Aurinko rate limit / auth error
- The account's needsReconnection flag is set.
- The UI prompts a reconnect.
Cron not firing
- Due ScheduledSend rows stay pending until the next successful tick.
- No send is lost, just delayed.
Embedding job fails repeatedly
- 5 retries with exponential backoff, then a FailedJob DLQ entry keyed by (jobType, resourceId).
- The email stays text-searchable until re-enqueued.
Section 10
Security model
Auth & scoping
- Clerk; protectedProcedure on tRPC; middleware guards /mail and /buddy.
- Every mail query passes through authoriseAccountAccess(accountId, userId) - no cross-tenant reads.
Outbound safety
- Buddy topic gate on the pre-augmentation message.
- containsOutgoingViolation() before send.
Cost / abuse
- Per-user rate limits.
- AI_DAILY_CAP_TOKENS.
Headers
- X-Frame-Options DENY, X-Content-Type-Options nosniff, Referrer-Policy, Permissions-Policy, HSTS.
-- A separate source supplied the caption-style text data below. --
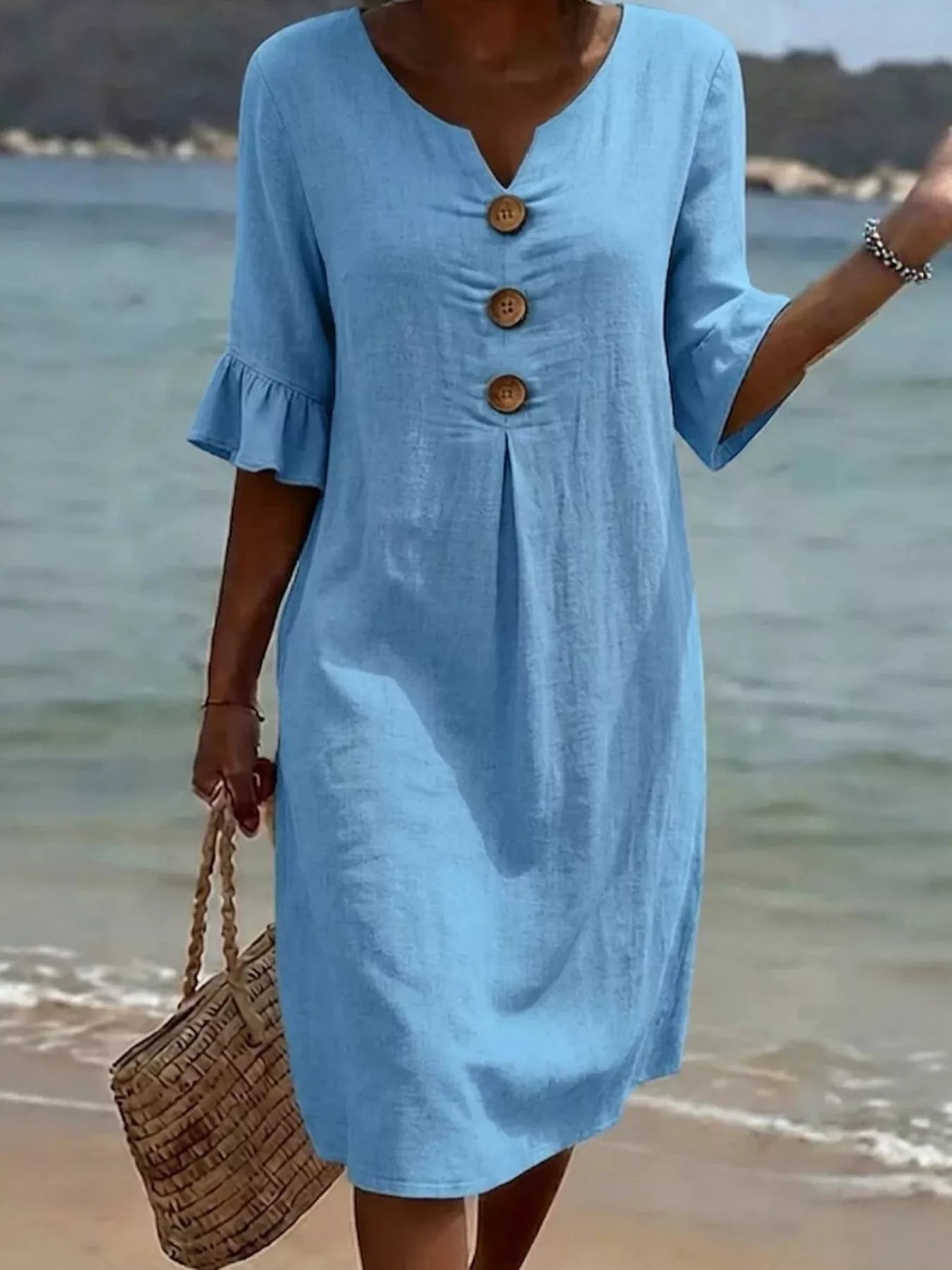 Full Size Casual Decor Button Dress with Ruffle Sleeves Plus Size
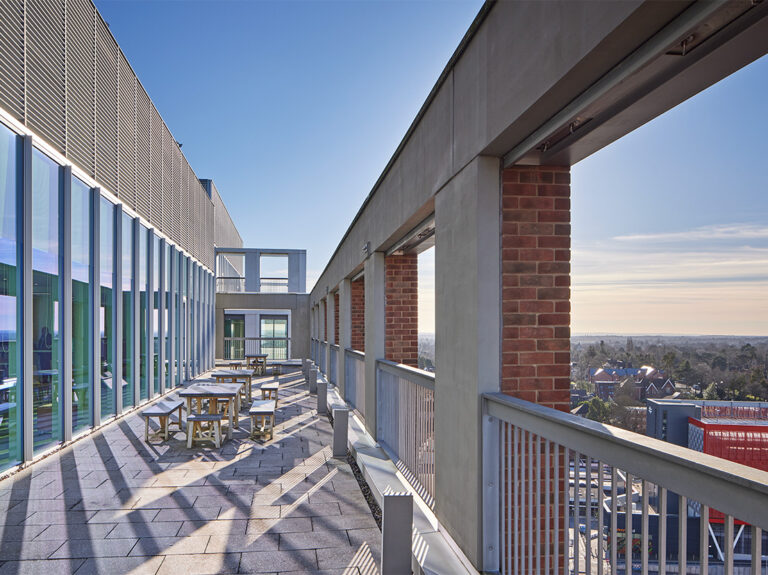 11th floor outdoor terrace at ONE FRIARGATE offices Coventry and view towards Coventry Railway Station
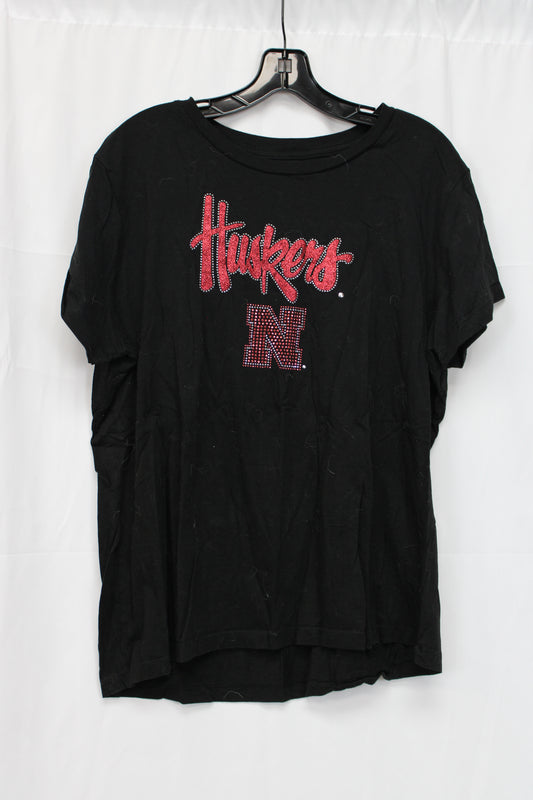Women’s Nebraska Huskers Short Sleeve Shirt, Black, Women’s XL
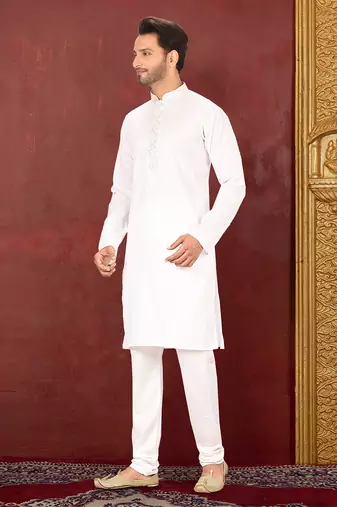 Ranak White Cotton Kurta Pajama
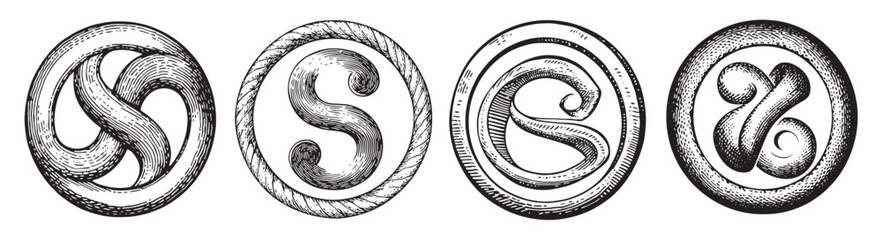 Fototapeta premium Vintage Engravings of Decorative Circular Snake Designs in Various Styles, vintage retro hipster logo design, vector illustration, engraving design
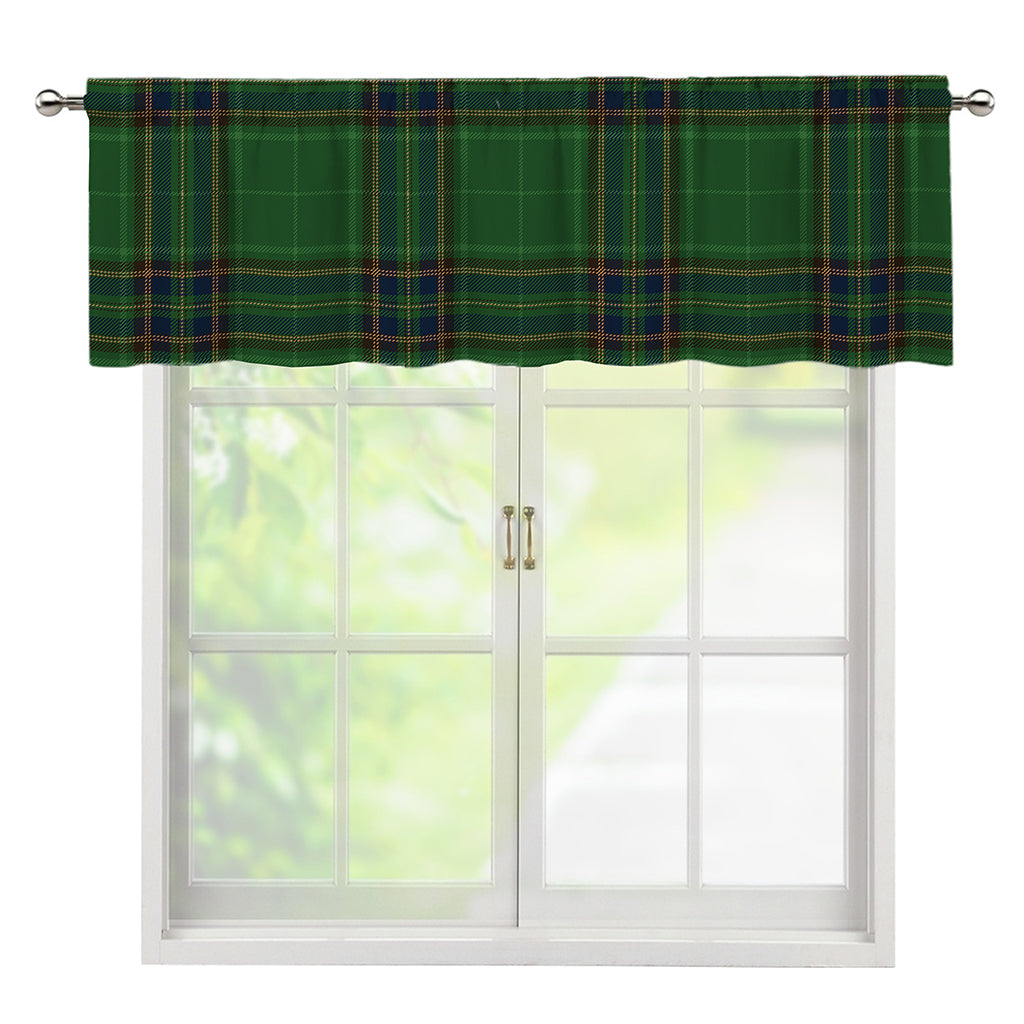 Green And Blue Stewart Tartan Print Window Valance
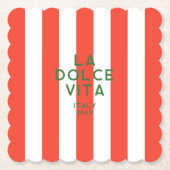 ラドルチェヴィタイタリアレッドカバナストライプズ ペーパーコースター (正面)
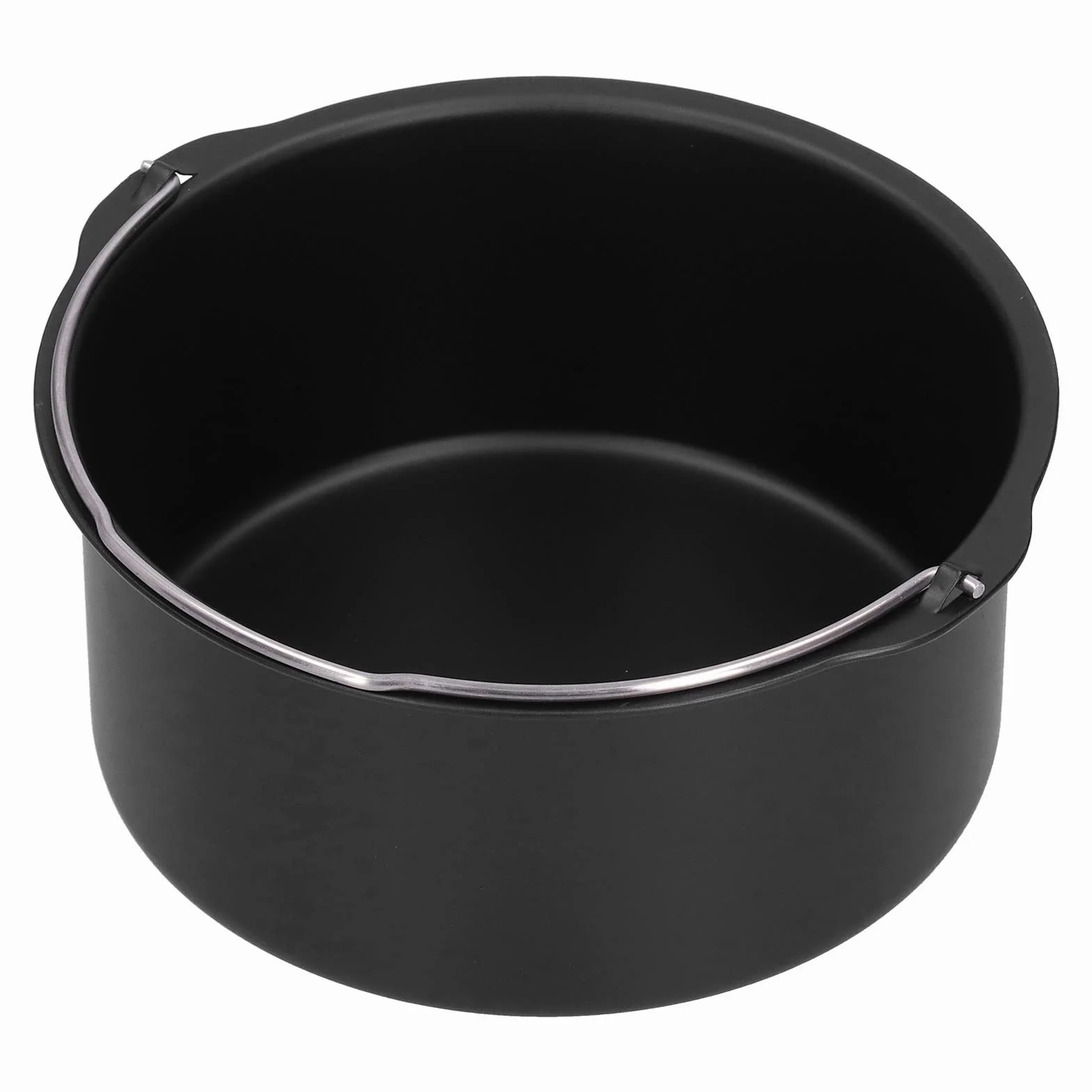 Beczka na ciasto, stal węglowa, nieprzywierająca, okrągła, nie-warstwowa, patelnie, chleb, ciasto, elektryczne akcesoria do smażenia, 20,3 cm, głęboki kosz na części i akcesoria, z uchwytem do
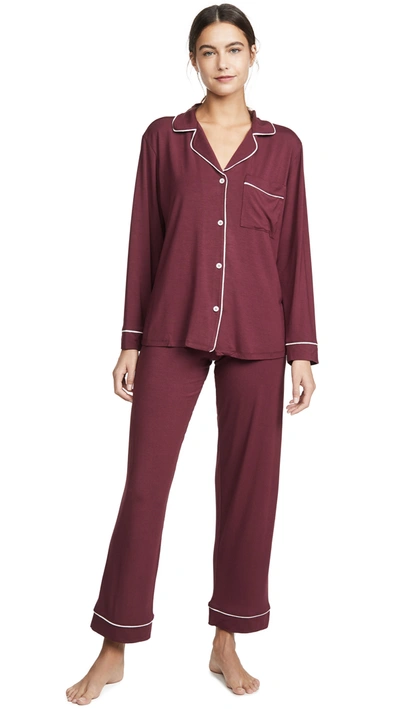 Eberjey Gisele Bordeaux Jersey Pyjama Set In Port/ivory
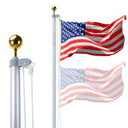25FT Sectional Flag Pole Kit – Heavy Duty Aluminum Outdoor Flagpole with Ball Topper & 3x5 USA Flag, Silver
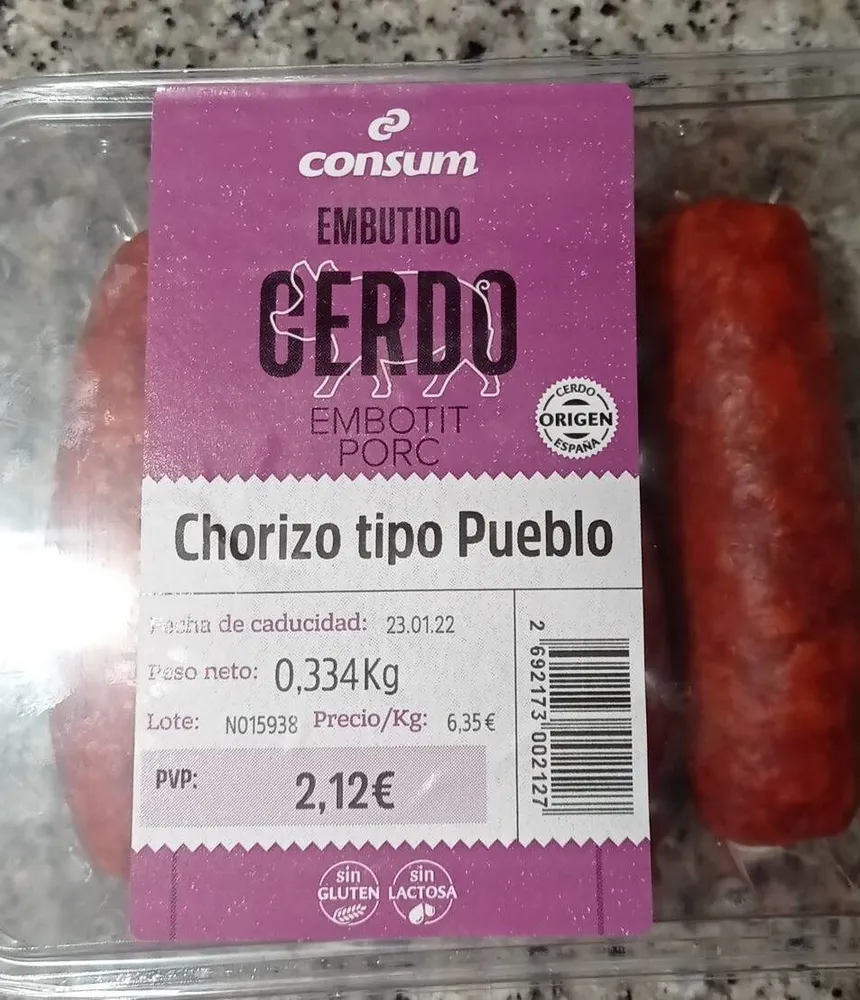 Chorizo tipo pueblo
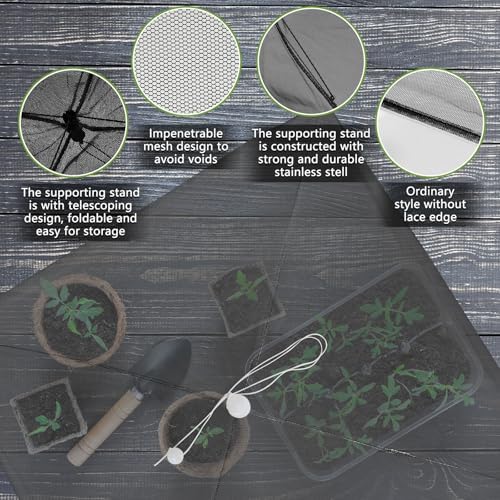 Sawysine 4 Pack Mesh Plant Cover Dome Tent Protector,17 X 17 Inch,Black - Image 6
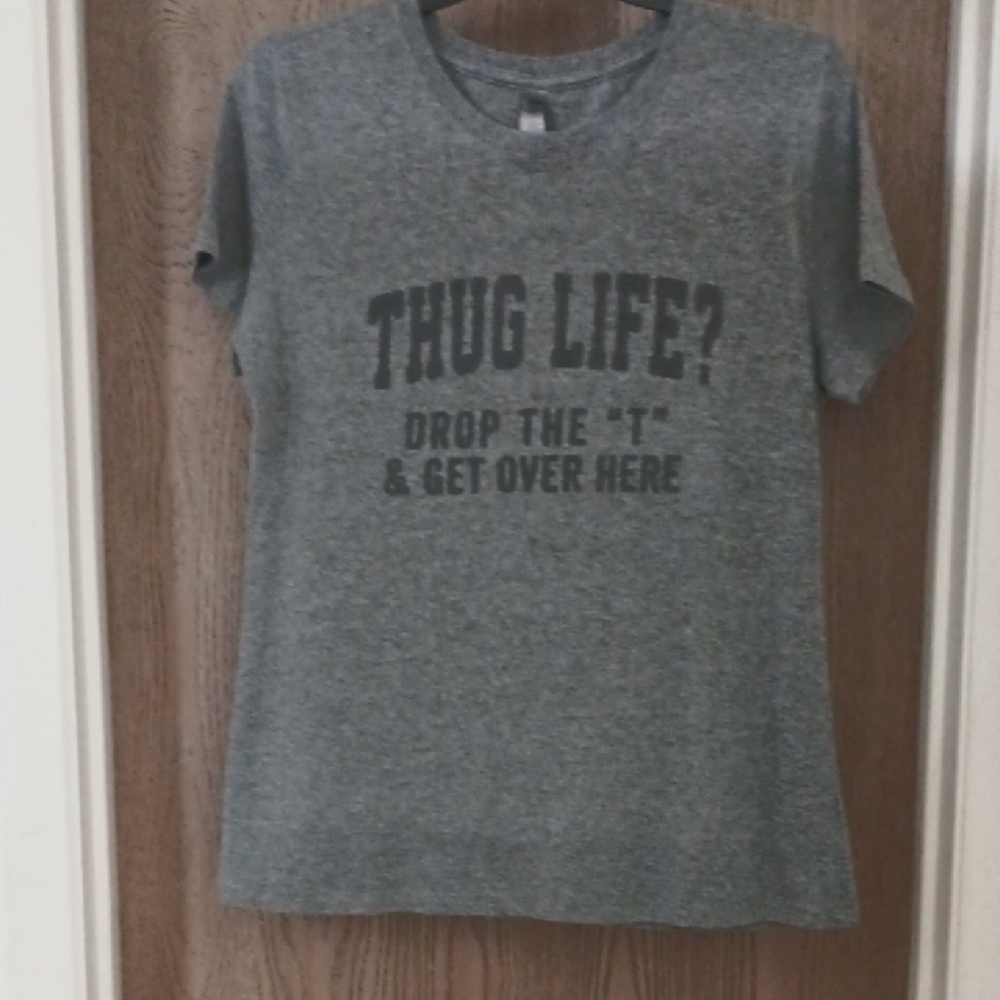 Gray Graphic T-Shirt with Bold Text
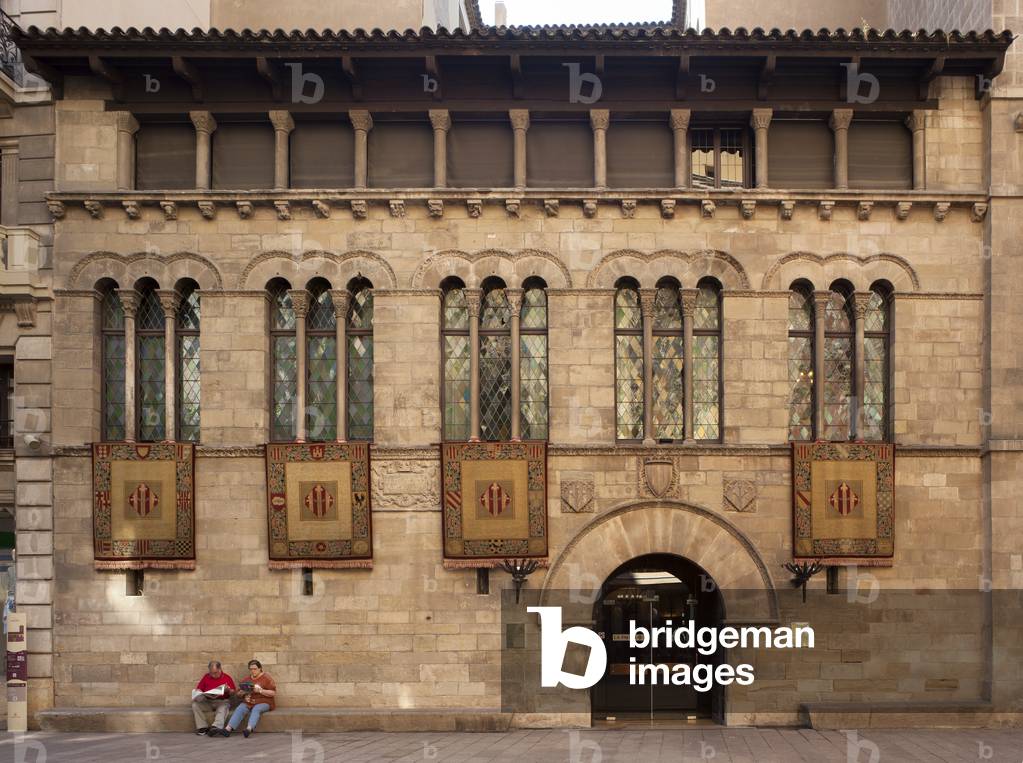 Town hall La Paeria. Façade. Exterior. Romanesque-Gothic.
- A CSP with frame-ancestors none.
Inputs & SQL
- Zod on every tRPC input.
- No raw SQL except the parameterized pgvector similarity query.
Tokens at rest
- Optional AES-256-GCM envelope encryption of stored account tokens.
- Enabled when TOKEN_ENCRYPTION_KEY is set.
Section 11
Demo mode as an architectural commitment
The demo isn't a fixture set behind a feature flag.
The tRPC context rewrites ctx.auth.userId to DEMO_USER_ID, and every account-scoped procedure resolves demo data through the same isDemoCall check - no forked controllers, no parallel demo router.
A demo that runs through the production resolver exercises the production auth and account-scoping path; if scoping were broken, the demo would leak too.
Section 12
Testing
Testing concentrates on the rails where a mistake is expensive - the read/write/automate guards and the semantic layer - at the unit level, with the landing flow covered in a real browser.
- 01Unit and eval coverage
156 Jest tests cover the utilities, the automation-hardening guards, and an eval suite for intent detection, with the database and Clerk mocked so the logic is tested in isolation.
- 02End-to-end on the landing flow
8 Playwright tests drive the landing experience in a real browser.
- 03The deliberate tradeoff
No integration tests against a live Postgres - the suite mocks at the database layer - and no CI workflow runs the tests automatically yet.